Ron Pressler ron.pressler at oracle.com
Thu Jul 13 21:21:08 UTC 2023



> On 13 Jul 2023, at 21:29, Brian S O'Neill <bronee at gmail.com> wrote:
> 
> It's pretty easy to identify potential issues without relying on JFR. In my example, I'm concerned with file I/O, but consider the SQLite use case. Any query can block the thread for an indefinite amount of time, and so an application which is legitimately using virtual threads and also using SQLite will need to tweak virtual thread settings or come up with workarounds.

Blocking an OS thread for some time may be a problem in some cases and not at all in others, and it’s not a bigger problem for virtual threads than it is for thread pools. 

> 
> The FFM API already supports linker hints, and it seems to me that an "isBlocking" or "canBlock" Linker.Option would be easy to add. Since it's just a hint, it can be safely ignored as well.

That something is easy to do doesn’t mean it should be done. Blocking a thread in a native method may be not an issue at all in some cases, and in cases where it is both frequent and lengthy it may be a problem the JDK can’t solve (i.e. the system’s throughput will be bounded by the number of threads the OS can support and that’s that).

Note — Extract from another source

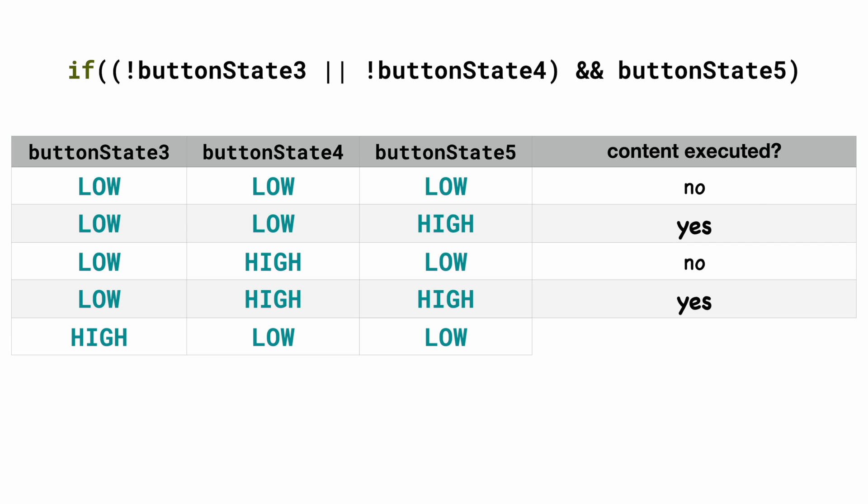If buttonState4 is low and buttonState5 is low it will not be executed because buttonState5 is not high. But if buttonState4 is low and buttonState5 is high it will be executed.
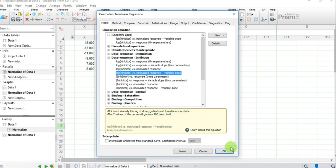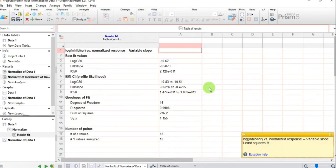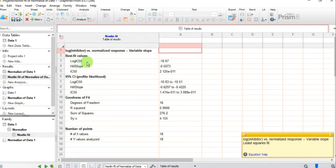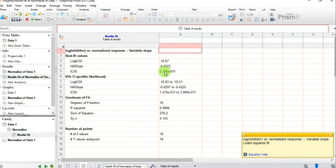Press OK and Prism gives you results straight away — very smart software. Under best fit values you can see the Log IC50 or Log EC50 value, which is minus 10.67. The IC50 value — which was our aim, also called the EC50 — is 2.12 × 10⁻¹¹. It looks a bit unusual but I'll explain it further.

It sounds like a reasonable suggestion if experience shows us that there is, indeed, something to be done here, so I would suggest we revisit it after people gain more experience with both virtual threads and FFM. But until we know what if any actual problems people run into due to blocking, I’m not sure we should propose solutions.

> 
> These two unmounting scenarios from JEP 444 keep getting discussed:
> 
>    1. When it executes code inside a synchronized block or method, or
>    2. When it executes a native method or a foreign function.
> 
> Work is underway to address item 1, and item 2 can be partially addressed with a new linker hint. Special hints or modes could be added to JNI as well, but the FFM API is the path forward.


Item 2, like item 1, refers to pinning not to blocking, namely native code that calls back into Java code, which puts the thread in a pinned state where it is more likely to block the OS thread. This is automatically detected anyway today (we’ve just chosen not to compensate, a decision we may change in some or all situations due to the experience we’re gaining).